Which tornadoes are you talking about? The only tornadoes that have struck lower DET Metro would have been on 7/2/97. An F2 ripped through Highland Park, which is pretty close to downtown Detroit. If that's the case, the majority of that whole area is lower class homes, with a few neighboorhoods actually being upper class.
I don't like it when people say "white" people have "insurance" and can afford to protect themselves... This is only because the people that can afford to protect themselves have a JOB. There is equal oppurtunity for all in this Country... And for that matter, there is poor blacks AND whites (which some people seem to forget, especially the NAACP). There is a lot of well-off african americans too!
EDIT - I did a little more searching and it was July 2, 1997. There were articles subsequently about people in the city faring much worse and having a harder time rebuilding because they did not have insurance, while most in the suburbs were able to rebuild fairly quickly.
ORIGINAL POST:
Nick, I am not sure of the exact date, but I will paste in parts of an article from USA Today in a Google search (unfortunately, the archive does not show a date). It was the day people died being blown into Lake St. Clair. Note the article mentions both the city of Detroit and Grosse Point Farms, so I think that supports my recall that the storm affected both rich and poor areas.

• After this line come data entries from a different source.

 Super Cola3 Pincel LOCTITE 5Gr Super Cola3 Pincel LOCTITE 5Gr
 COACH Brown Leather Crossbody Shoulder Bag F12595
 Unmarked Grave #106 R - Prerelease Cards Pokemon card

As to your comments about not liking what I said, I didn't say it to make you like it. But if you think that "there is equal opportunity for all in this country" your are incredibly naive. Starting in the first year, a black baby is twice as likely to die as a white baby. That's equal opportunity?!? Schools, job access, transportation - none of these offers equal opportunity. Did the people that can't afford a car have equal opportunity to escape the hurricane?? (He said, struggling to keep an increasingly political discussion vaguely on-topic.)
Here are excerpts from the article:
Seven killed as severe storms, tornadoes ravage Michigan
DETROIT - A string of storms thundered across the Midwest, uprooting trees, turning freeways into ponds and killing at least seven people. Among the dead were three children and two adults who had sought shelter in a gazebo that was blown into Lake St. Clair.

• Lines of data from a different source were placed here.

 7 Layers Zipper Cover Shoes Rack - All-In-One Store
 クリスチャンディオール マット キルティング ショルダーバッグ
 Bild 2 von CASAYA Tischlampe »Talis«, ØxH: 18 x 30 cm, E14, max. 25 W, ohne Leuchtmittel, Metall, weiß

The gazebo was lifted from the water's edge of Pier Park in the affluent Detroit suburb of Grosse Pointe Farms. The Detroit News reported Thursday that at least four of the five victims were related, including an infant girl and boys age 2 and 8. The fifth victim was not identified, the report said.
On the east side of Detroit, witnesses said what appeared to be a tornado lifted a house off its foundation and tossed it several feet into an alley.
Timothy Petty said he and another man helped a woman out of the entrance of what used to be her basement stairs.
"I was scared to death," Petty said. "I've been in Detroit for 32 years and I've never seen anything like this."
Detroit suburbs reported numerous buildings damaged. Water levels rose as high as car windshields along one section of Interstate 75. At Tiger Stadium, the storm blew large sections of tar paper from the left-field roof out onto the field less than an hour after the Tigers beat the New York Mets 9-7.